The masterpiece of the first half of the album is the seven-and-a-half minute ‘Prayer/Confession’, a folk blues ramble about his life where he is, his pining for a good home-cooked meal, some real true love and his desire to get away from the dumpy apartment he calls home. As he said “I’m in a fuck it mood tonight and the walls are coming down”. He opens his soul and lets himself speak freely without reservation with his ever-present guitar accompanying him and us through a journey of his mind.
The short instrumental ‘Interlude’ leads into the second half of the album where Eli steps beyond his surroundings and sings of the characters in his hometown he knows and loves.

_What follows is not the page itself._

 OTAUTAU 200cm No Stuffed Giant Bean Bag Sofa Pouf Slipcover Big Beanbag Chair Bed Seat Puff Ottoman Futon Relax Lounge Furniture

‘Hippy King’ is one of the most light-hearted numbers on the album, a jumpy blues song about a man described as, well the “hippy king”, a guy who always has the best dope and knows the best new bands. He ain’t too good at hacky sack, but he was good at everything else you need to do to be a good hippy. The King eventually leaves town, heading back to Colorado “where the hippies flock”, but Eli knows a new one will come to take his place.
The next track brings the album back to a starker tone, ‘I Dreamed About You’, a classic about the long-told tale about the girl who got away. It’s a tale as old as time, written about and sang about a thousand times before, but Eli’s voice makes it his own. This ain’t no throw away cut, this stands strong with the rest.
Undoubtedly, the strongest cut of the second half is ‘What I Really Want to Be When I Grow Up’, a track about growing old to see the continuing beauty of life. Eli looks forward to old age, to watch the leaves continue to fall and the seasons continuing to change. He doesn’t dread growing old, to him it’s a chance to keep seeing life and the new things that come with it. His slick-fingers on his guitar show their chops here with a dizzying array of chords and changes throughout the song. His joy for life is expressed no more fully than through this song.
The second half closes just as the first half opens, with an instrumental, this one called ‘Maybe Someday (II)’. It’s two and a half minutes of Eli’s guitar, bringing a fitting, bluesy closer to this great album.
Eli has delivered one of the best albums of American Midwestern music to come out in a long time. It’s beautiful and brutally honest in its depiction of life for those of us living there. He is a true poet with a guitar.